I don’t remember the group’s reaction, although I remember a fellow classmate clutching his chest acting like he was shot a là the old TV westerns we watched in those days.

We then returned to our classroom, which had the only TV in the building. The older students joined us and lined the walls of our classroom, where we all watched as the death of the President was announced.

My parents experienced a unique circumstance at the time of the assassination. My father worked for Illinois Bell Telephone in the Gary, Indiana, office, and would call my mother each day at noon. At the time of the assassination they were conversing when my mother heard the radio announce the shooting. She said, “Harold, Kennedy’s been shot,” whereupon he told her he had to hang up. The relays used for telephone service back then — which created a constant cacophony during normal days — were instantly overloaded. Their system had shut down. My dad and other workers couldn’t sustain service.

I don’t recall much about the intervening days between that Friday and the day of the funeral, the following Monday. I do remember schools being closed on Monday, and I remember watching the funeral on the tiny black-and-white screen of our TV console. I will always remember the sound of the drum cadence, and especially the fractious prancing of Black Jack, the riderless horse who wore a saddle with boots symbolically reversed in the stirrups.

In later weeks I assembled a scrap book about the assassination that consisted of photos and articles from Life and Look weekly magazines, both now defunct. My parents purchased for me a copy of Four Dark Days in Historywhich I stuck inside the scrapbook. They’re all probably stowed somewhere in my parents’ home, although I have no idea where.

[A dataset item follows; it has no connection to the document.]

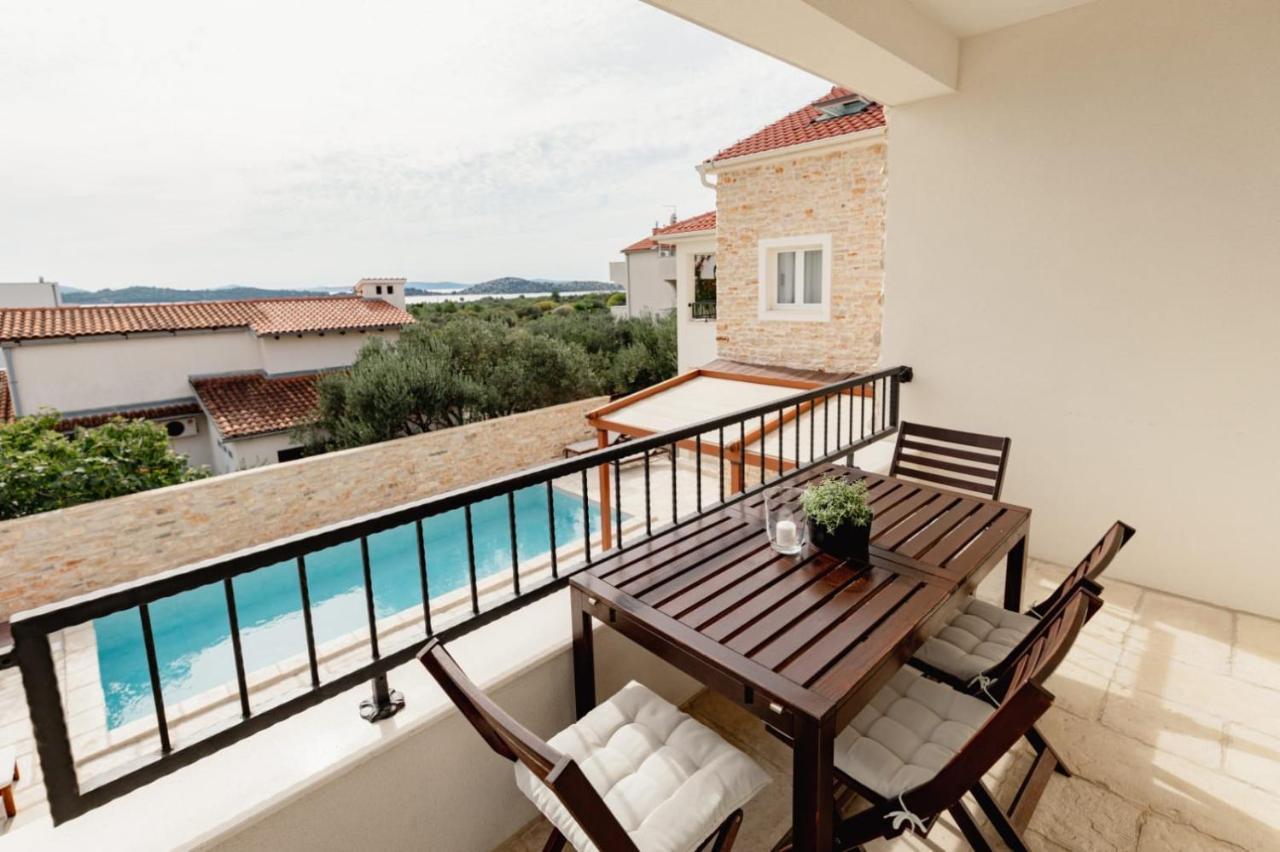 Olive Tree Apartments ヴォディツェ エクステリア 写真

Fifty-two years later, most of the major figures of those days are now gone. Kennedy’s widow Jacqueline has passed on, along with their son John F. Kennedy, Jr. JFK’s brothers, Senators Ted and Robert Kennedy have also passed on, Robert having also been felled by an assassin’s bullet five years later. Only daughter Caroline Kennedy Schlossberg remains.

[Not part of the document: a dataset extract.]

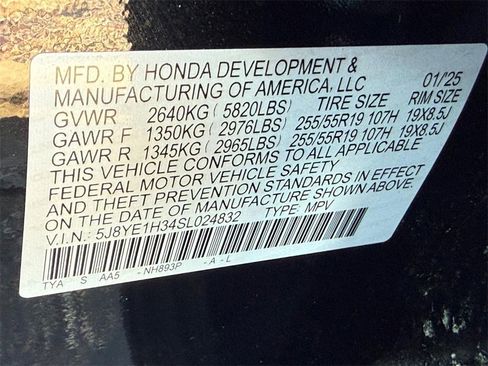 Certified 2025 Acura MDX SH-AWD image 24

Such was the day in which a President was murdered, and a little girl in a parochial school was witness to a day which she and others of her era will remember for the remainder of their lives.

Written by

Kim is a pint-sized patriot who packs some big contradictions. She is a Baby Boomer who never became a hippie, an active Republican who first registered as a Democrat (okay, it was to help a sorority sister's father in his run for sheriff), and a devout Lutheran who practices yoga. Growing up in small-town Indiana, now living in the Kansas City metro, Kim is a conservative Midwestern gal whose heart is also in the Seattle area, where her eldest daughter, son-in-law, and grandson live. Kim is a working speech pathologist who left school system employment behind to subcontract to an agency, and has never looked back. She describes her conservatism as falling in the mold of Russell Kirk's Ten Conservative Principles. Don't know what they are? Google them!

1 Comment
  • ccchristie464 says:

    Kim, this recounting of that date, November 22, 1963, really rang true. I was 9 years old and attending a parochial school as well. We lived in the suburbs of Cleveland, Ohio. My older sister and I happened to be off school that day with bad colds, but my aunt called my mom and told her, and then everyone started calling everyone else. The biggest deal was that my best friend called me and said I missed a crazy day at school where the nuns and the teachers were all crying in front of the class. I, too, have the distinct recollection of the riderless horse with the reversed boots … my mother (now 101!) kept pointing that out to me, my sister, and my two younger brothers throughout the funeral procession. I think I remember that image of the horse more than John-John’s salute to his father. I also remember the picture of Caroline and her mother kneeling at the casket, and it looked like Caroline put her hand under the flag covering it. Thanks for these recollections. This year (2018) Thanksgiving Day fell on November 22. It just seemed odd. As you so rightly point out, for Boomers, that remains a very dark day in history.